Word for word, retype the tail of the data below, starting with the line that has "this 845×633 image." and including the last line.

►

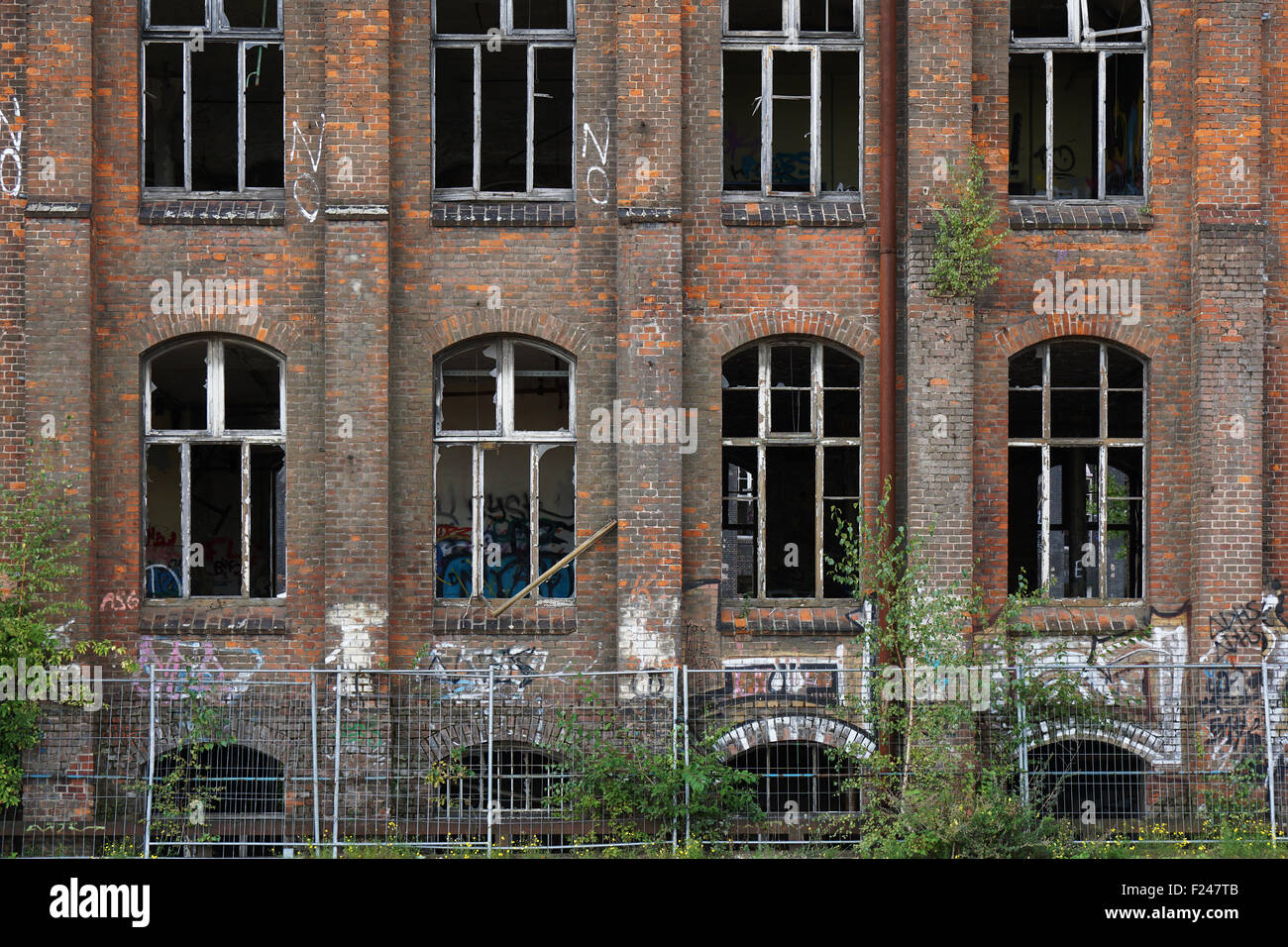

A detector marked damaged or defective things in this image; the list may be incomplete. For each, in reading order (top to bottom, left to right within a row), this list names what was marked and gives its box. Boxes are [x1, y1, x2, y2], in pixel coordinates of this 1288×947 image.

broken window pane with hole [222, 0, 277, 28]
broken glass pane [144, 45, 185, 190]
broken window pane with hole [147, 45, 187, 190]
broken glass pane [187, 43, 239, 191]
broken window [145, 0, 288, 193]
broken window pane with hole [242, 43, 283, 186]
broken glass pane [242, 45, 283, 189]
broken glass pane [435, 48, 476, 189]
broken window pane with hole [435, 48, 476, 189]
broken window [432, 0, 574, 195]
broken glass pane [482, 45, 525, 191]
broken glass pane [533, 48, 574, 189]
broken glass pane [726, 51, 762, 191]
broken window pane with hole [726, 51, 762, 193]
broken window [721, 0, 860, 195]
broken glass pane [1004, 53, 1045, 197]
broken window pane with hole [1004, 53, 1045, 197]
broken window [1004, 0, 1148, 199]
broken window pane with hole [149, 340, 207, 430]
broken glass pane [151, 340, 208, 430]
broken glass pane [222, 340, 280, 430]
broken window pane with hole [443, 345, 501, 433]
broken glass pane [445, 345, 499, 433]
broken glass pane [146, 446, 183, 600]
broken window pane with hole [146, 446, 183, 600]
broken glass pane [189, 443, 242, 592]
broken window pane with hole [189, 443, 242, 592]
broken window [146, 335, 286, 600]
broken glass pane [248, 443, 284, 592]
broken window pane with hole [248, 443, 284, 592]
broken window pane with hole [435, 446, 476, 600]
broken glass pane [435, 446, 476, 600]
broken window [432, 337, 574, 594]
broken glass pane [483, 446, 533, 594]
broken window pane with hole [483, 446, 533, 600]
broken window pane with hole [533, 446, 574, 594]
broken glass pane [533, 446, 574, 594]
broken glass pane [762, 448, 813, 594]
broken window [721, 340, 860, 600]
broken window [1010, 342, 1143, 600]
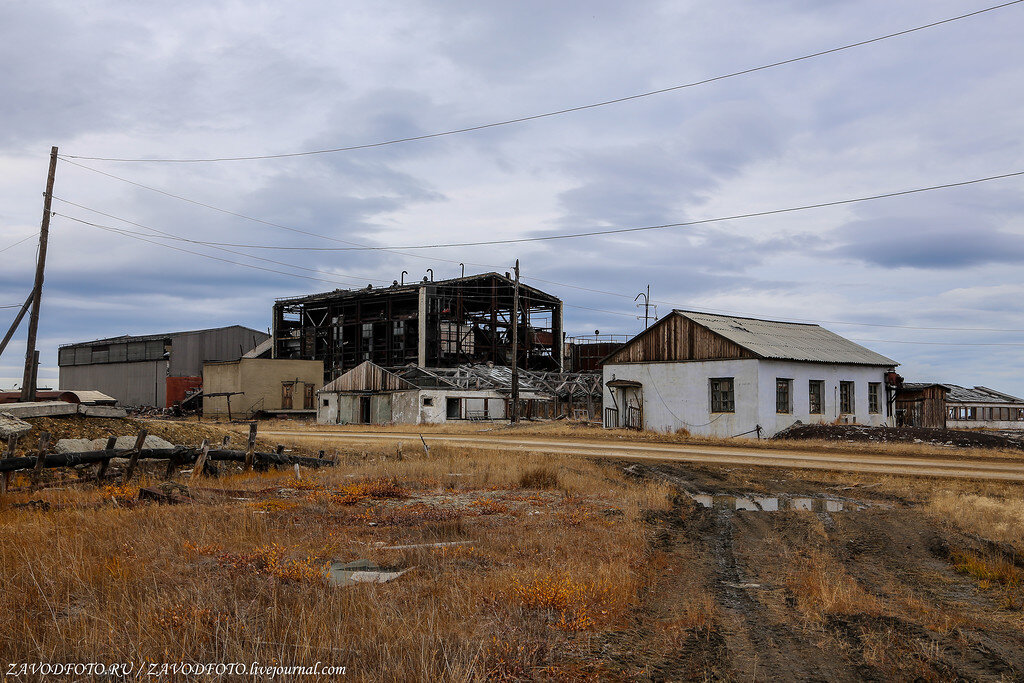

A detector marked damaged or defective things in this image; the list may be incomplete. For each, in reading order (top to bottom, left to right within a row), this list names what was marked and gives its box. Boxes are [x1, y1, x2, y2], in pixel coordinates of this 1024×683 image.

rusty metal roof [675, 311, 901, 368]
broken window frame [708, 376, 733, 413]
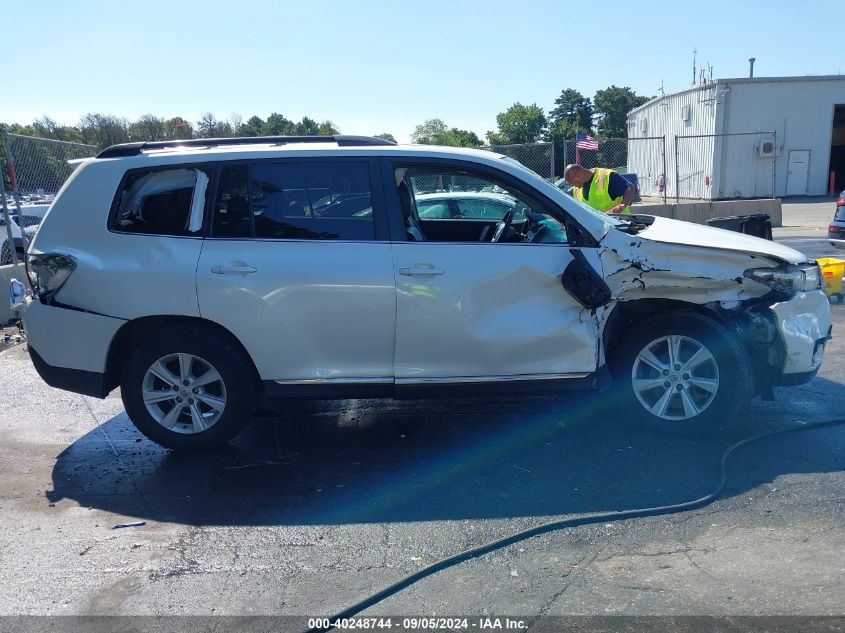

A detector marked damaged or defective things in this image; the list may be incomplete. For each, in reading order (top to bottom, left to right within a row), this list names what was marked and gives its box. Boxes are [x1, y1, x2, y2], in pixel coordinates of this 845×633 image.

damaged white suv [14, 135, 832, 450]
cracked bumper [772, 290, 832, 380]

◄

Completed task |
A detector marked damaged or defective things in this image; the list may be incomplete. For each, in reading order (top to bottom, left to right within a row), this list names what was marked and gives its box. Boxes are [x1, y1, x2, y2], in pixel coordinates of this 845×633 image.

damaged white suv [14, 135, 832, 450]
cracked bumper [772, 290, 832, 380]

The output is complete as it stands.